++++ Entries shown

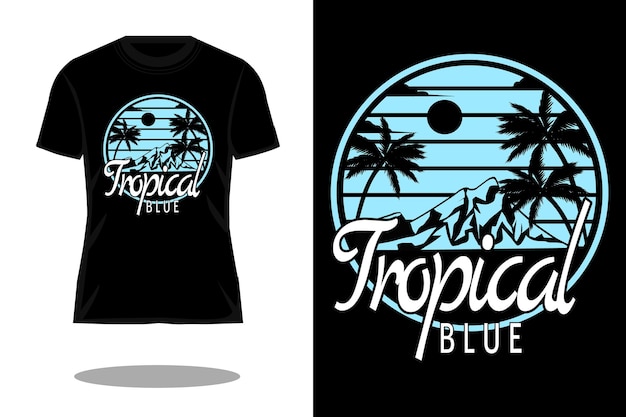 Tropisches blaues silhouette-retro-t-shirt-design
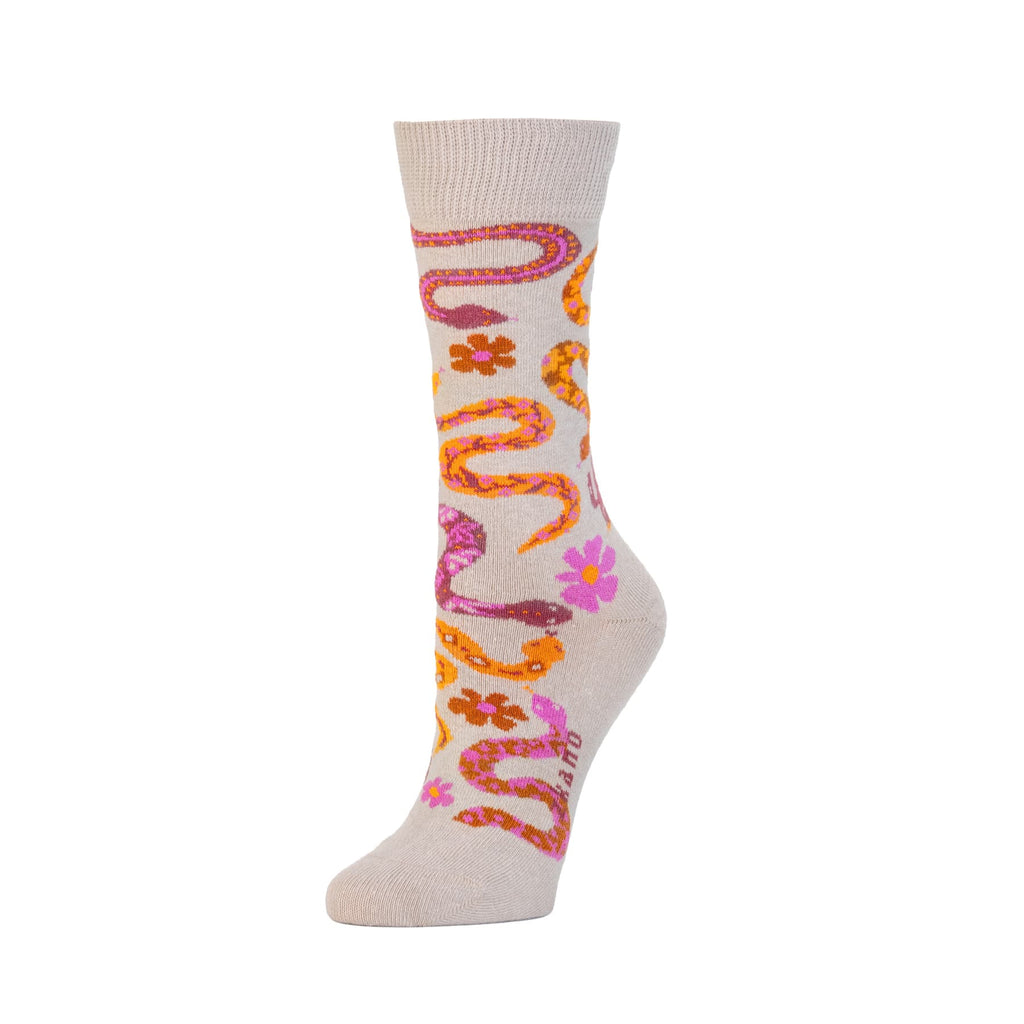 Zkano Crew Medium Women's Desert Diamondback - Organic Cotton Socks Crew - Sand organic-socks-made-in-usa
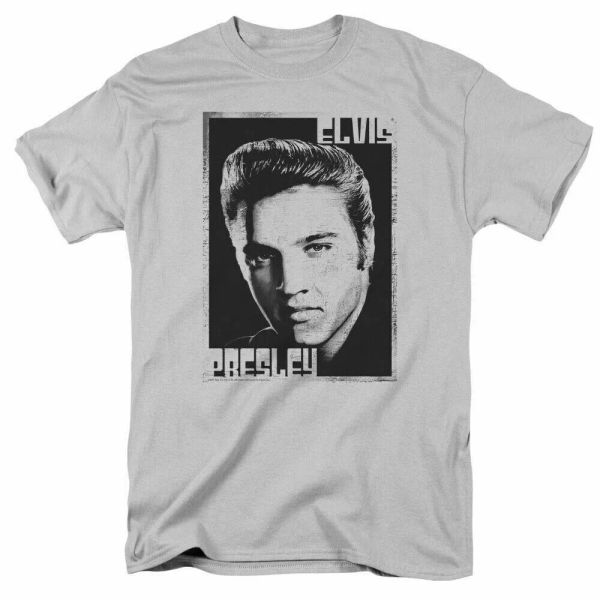 

elvis presley graphic portrait t shirt mens licensed the king tee silver, White;black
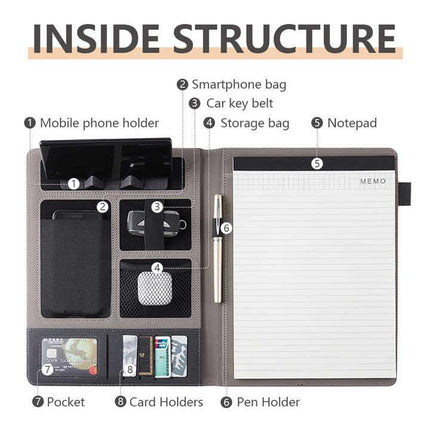 Black A4 Leather Multi-Functional Business Document Folder with Card Slots - Contract File Organizer.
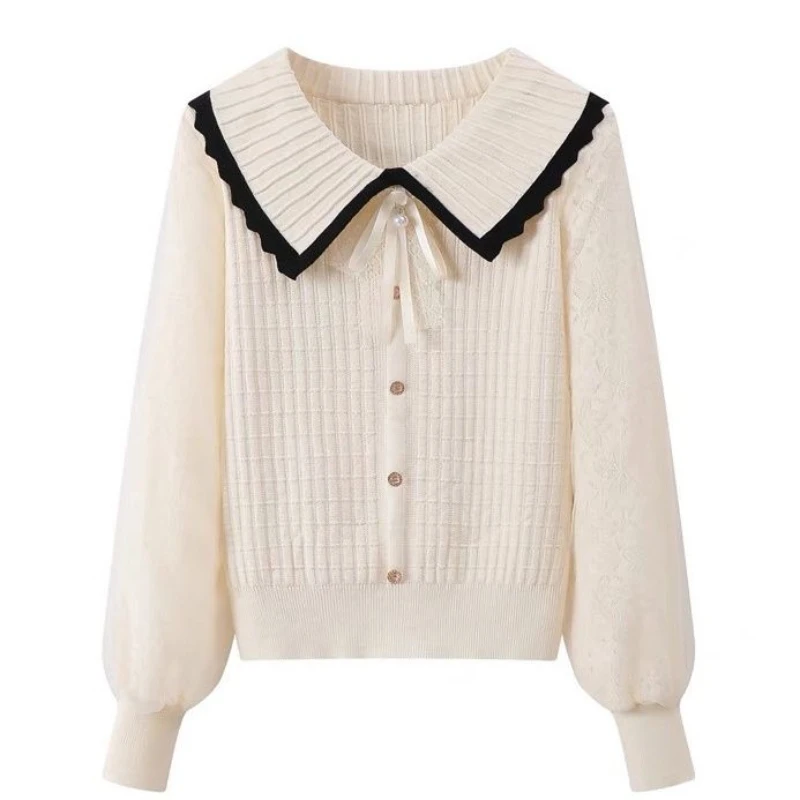 

Spring and Autumn 2024 Doll Neck Women's Chiffon Shirt Simple Lantern Sleeve Women's Gentle Patchwork Knitted Top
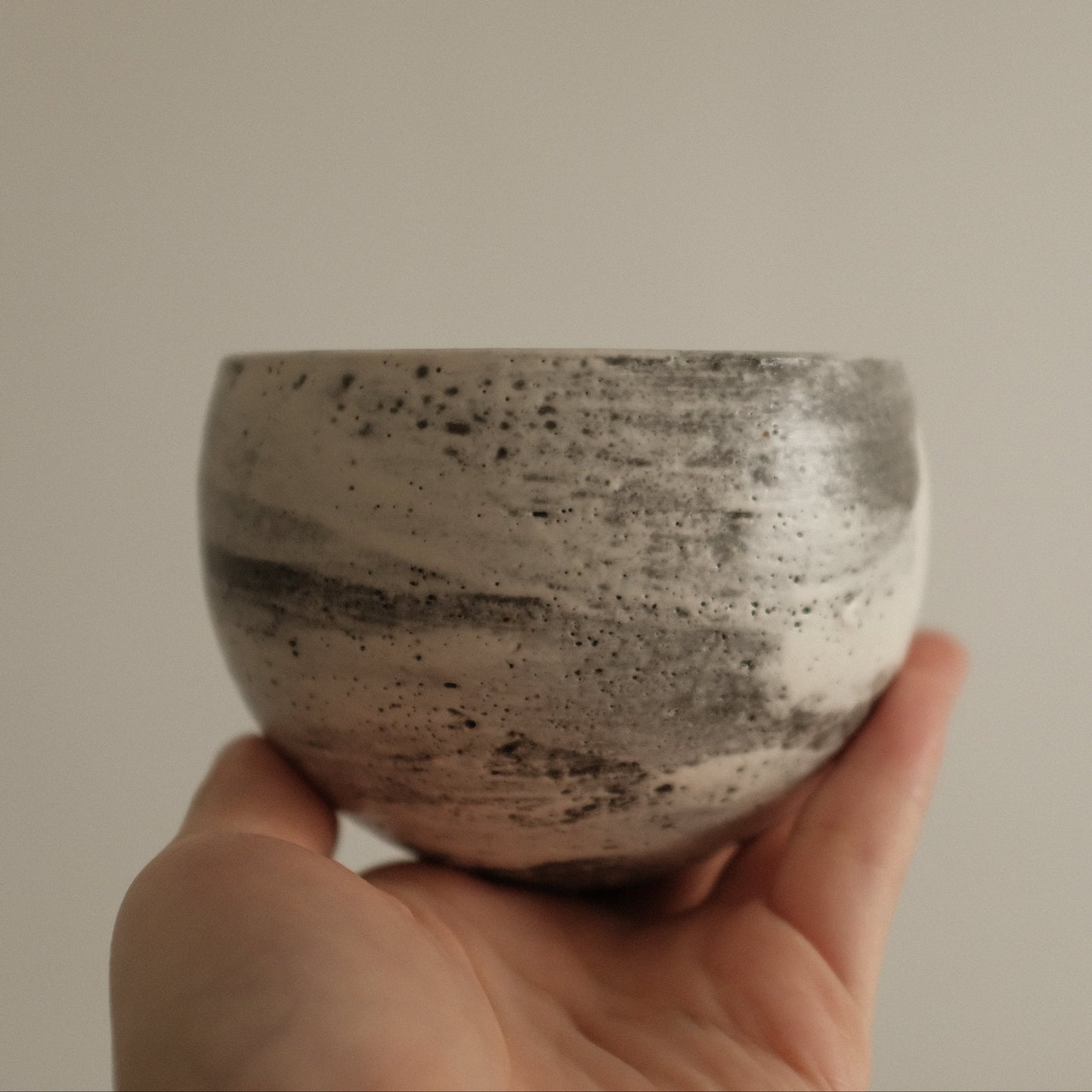 Yuli Handmade Speckled Grey White Round Egg Cup Powdered Glaze Underglaze Stoneware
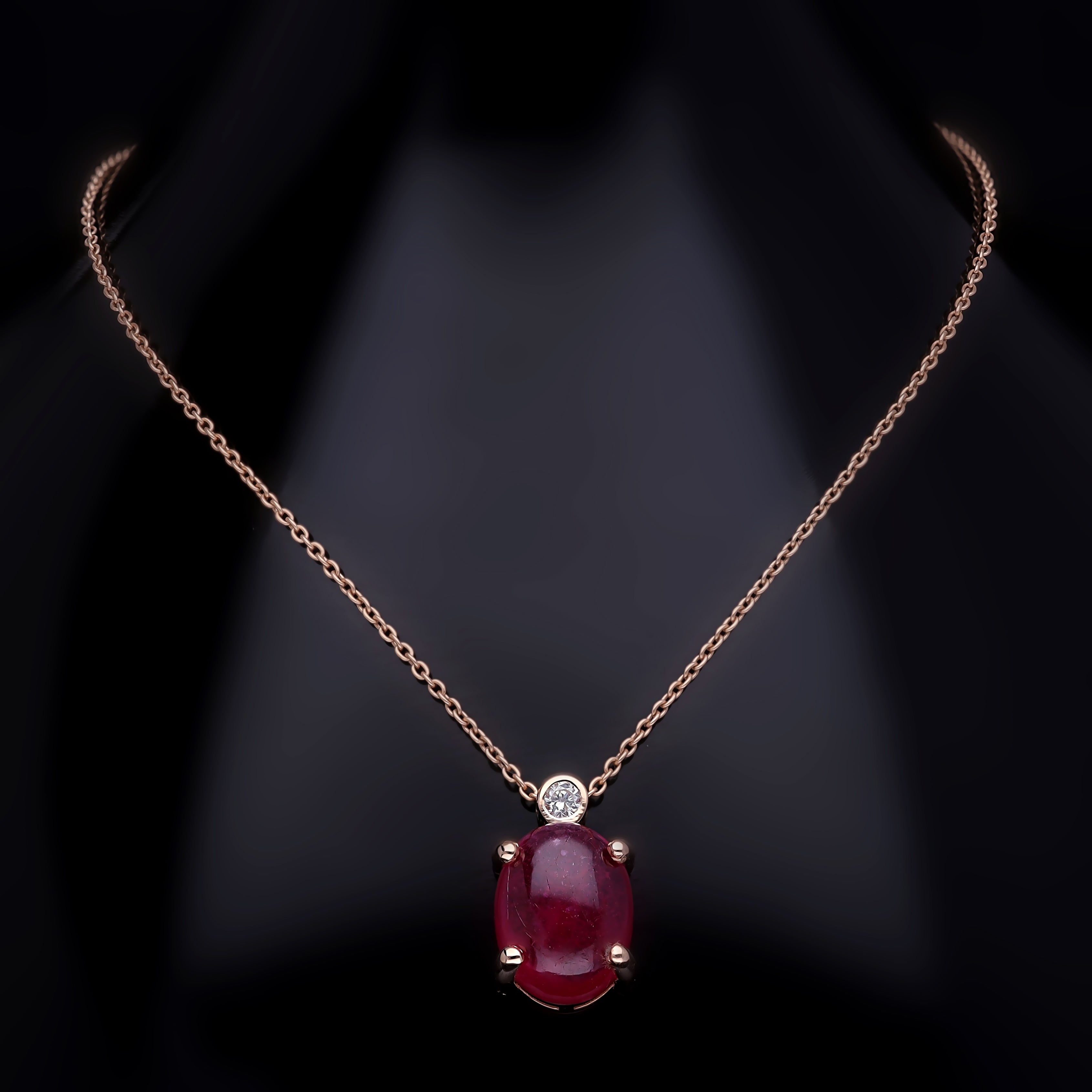 Colier LDNA0239 din aur roz 14k cu diamant si rubin forma ovala - Bijuterii LA ROSA
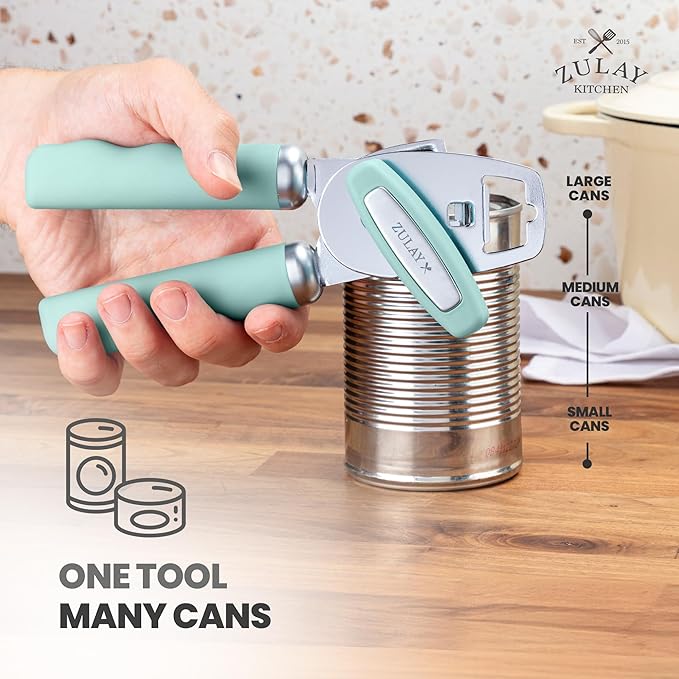 Zulay Kitchen Heavy Duty Stainless Steel Can Opener Manual with Bottle Opener - Rust Proof Manual Can Opener With Turn Knob & Comfy Soft Grip Handles - Mint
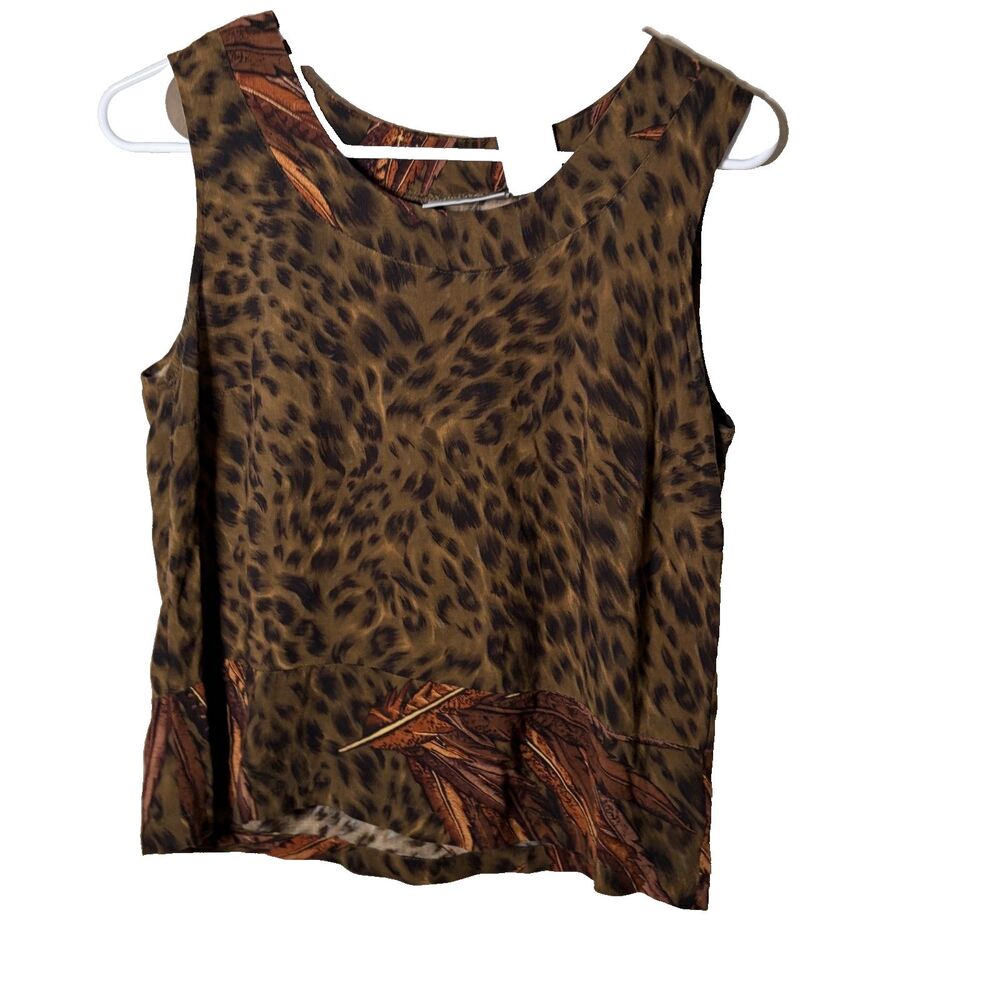 Units Tank Top Women's Small Sleeveless Animal Printed Round Neck Casual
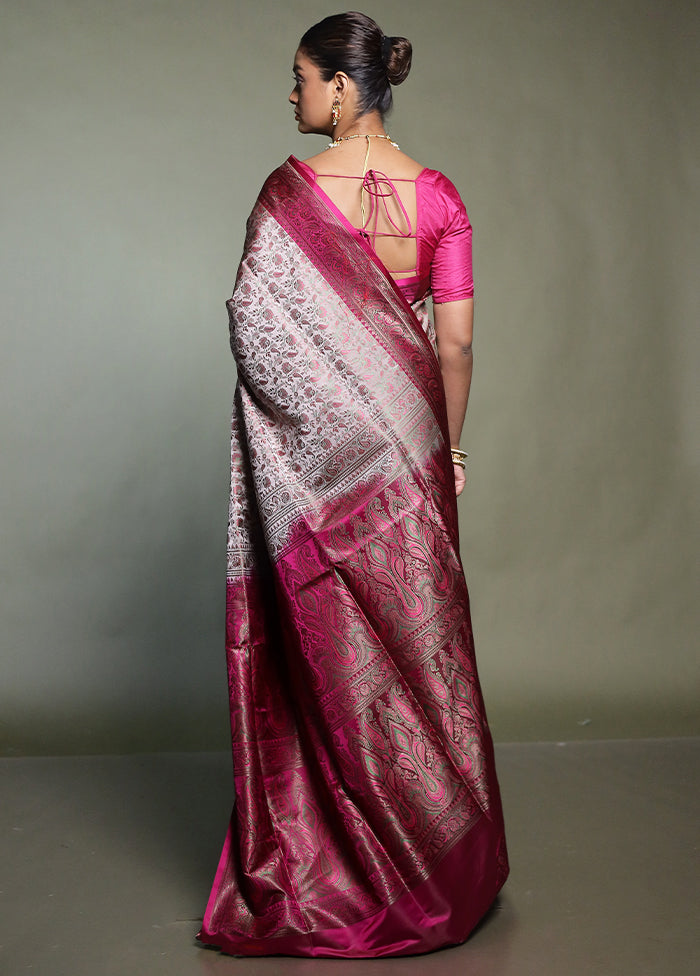Pink Handloom Jamewar Pure Silk Saree With Blouse Piece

++++++++

The task:
Repeat each entry exactly as it appears; skip any picture.

Result of the task:
 Tropisches blaues silhouette-retro-t-shirt-design
 Zkano Crew Medium Women's Desert Diamondback - Organic Cotton Socks Crew - Sand organic-socks-made-in-usa

elvis presley graphic portrait t shirt mens licensed the king tee silver, White;black
 Black A4 Leather Multi-Functional Business Document Folder with Card Slots - Contract File Organizer.

Spring and Autumn 2024 Doll Neck Women's Chiffon Shirt Simple Lantern Sleeve Women's Gentle Patchwork Knitted Top
 Yuli Handmade Speckled Grey White Round Egg Cup Powdered Glaze Underglaze Stoneware
 Colier LDNA0239 din aur roz 14k cu diamant si rubin forma ovala - Bijuterii LA ROSA
 Zulay Kitchen Heavy Duty Stainless Steel Can Opener Manual with Bottle Opener - Rust Proof Manual Can Opener With Turn Knob & Comfy Soft Grip Handles - Mint
 Units Tank Top Women's Small Sleeveless Animal Printed Round Neck Casual
Pink Handloom Jamewar Pure Silk Saree With Blouse Piece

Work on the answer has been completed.